I suggest we not make up new names until doing a little research on
accepted names used by NIST, CDC, professional statisticians, etc.

I agree completely - there are already plenty of common terms out there that we can use.


The problem is that "standard deviation of the mean" is a mixed breed.
It's a mixture of "standard deviation" and "standard error of the mean."

In my mind, "standard deviation of the mean" is a perfectly fine, unmixed breed - although perhaps it should be called the "standard deviation of the meanS". Any time you find the standard deviation, you are finding the standard deviation of some particular set of numbers. The "standard deviation" is more precisely the standard deviation calculated from many individual data points, which could logically be called "the standard deviation of the individuals". The "standard deviation of the means" is exactly that - the standard deviation calculated from many values of the mean (where each value of the mean is in turn calculated from a different sample).

On the other hand, "standard error of the mean" is both 1) common) and 2) less likely to get confused with the term "standard deviation", so it will likely remain standard nomenclature.

* * * from NIST * * *
Standard Error: The standard deviation for a statistic's sampling distribution.

* * * * * * * *

This would imply that "standard" error" is the same as "standard deviation", but it is restricted to use with a statistic (a value calculated from sample data - NIST again), rather than individual data points. You can have the standard error of the mean, or the standard error of the standard deviation (which can itself be enlightening), or the standard error of any other value calculated from a smaple.

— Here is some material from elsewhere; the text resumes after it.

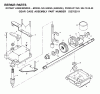 Jonsered 600SD (J600SDE, 954130050) - Walk-Behind Mower (2001-03) Listas de piezas de repuesto y dibujos GEAR CASE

And as a somewhat obscure aside:
"Central Limit Theorem states that regardless of the shape of the
frequency distribution of observations of the original population, the
frequency distribution of sample means of repeat random samples of size
n tends to become normal as n increases."

There are actually a few distributions for which this is NOT true. The Cauchy Distribution (also known as the Lorenz distribution) is one such example - the standard deviation is not finite and that messes up the Central Limit Thm.